Ich wünsche Ihnen von Herzen, dass sie trotz der Umstände ein besinnliches Weihnachtsfest feiern können. Als Landesregierung tun wir alles, damit der Wiederaufbau so schnell wie möglich vorangeht. Und wir arbeiten mit Hochdruck daran, die richtigen Lehren aus den Ereignissen zu ziehen. Behalten Sie Ihren Mut und seien Sie stolz auf das, was Sie nach dieser größten Naturkatastrophe in der Geschichte unseres Landes schon geschafft haben.
Nach der Katastrophe werden die Fehler jetzt durch einen Untersuchungsausschuss aufgearbeitet. Gibt es Fehler, die Sie sich persönlich ankreiden?

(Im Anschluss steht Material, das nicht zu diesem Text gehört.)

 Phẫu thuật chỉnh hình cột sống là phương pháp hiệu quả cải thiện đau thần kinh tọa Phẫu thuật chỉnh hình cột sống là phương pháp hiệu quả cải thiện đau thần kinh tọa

Wenn man sich die Zahl der Opfer und die Schäden anschaut, kann nicht alles richtig gelaufen sein. Welche Fehler gemacht wurden und ob sie persönliche oder strukturelle Ursachen hatten, lässt sich aber erst nach gründlicher Prüfung sagen. Diese Aufarbeitung passiert gerade. Auch wenn jetzt mancher im Nachhinein meint, schon genau zu wissen, wer schuld war und wie alles hätte optimal laufen können.
Sie waren im Urlaub, als die Katastrophe losbrach. Ist es deswegen zu Verzögerungen bei der Einrichtung des Krisenstabs gekommen?
Nein, denn erstens treffe ich diese Entscheidung nicht. Und zweitens habe ich meinen Urlaub nach drei Tagen sofort abgebrochen, als das Ausmaß der Katastrophe deutlich wurde. Ich habe mich ans Steuer meines Autos gesetzt und war noch während der Rückfahrt telefonisch in die Sitzungen des kleinen Krisenstabes zugeschaltet. Der arbeitete da bereits auf Hochtouren.
Warum haben Sie nicht den „Großen Krisenstab“ mit allen Ministern einberufen?
Den Krisenstab der Landesregierung kann nur der Ministerpräsident einberufen. Und dort sitzen auch nicht die Minister zusammen, sondern die Staatssekretäre. In der Regel werden sie vertreten von Abteilungsleitern aus ihren Häusern. Dies war auch in dem kleinen Krisenstab der Fall. Neben diesen Fachleuten waren weitere Experten etwa der Bundeswehr, der Bundespolizei, der Telekom, oder der Deutschen Bahn einbezogen. Als die Dimension der Katastrophe klar wurde, waren wir bereits in diesem Stadium. Abteilungsleiter und weitere Spezialisten aus verschiedenen Ministerien waren schon mitten in der Krisenbewältigung. Im Nachhinein betrachtet, hätte die Einberufung des Krisenstabs zwar in der Sache nichts geändert, wäre aber ein deutliches Signal an die Bevölkerung gewesen.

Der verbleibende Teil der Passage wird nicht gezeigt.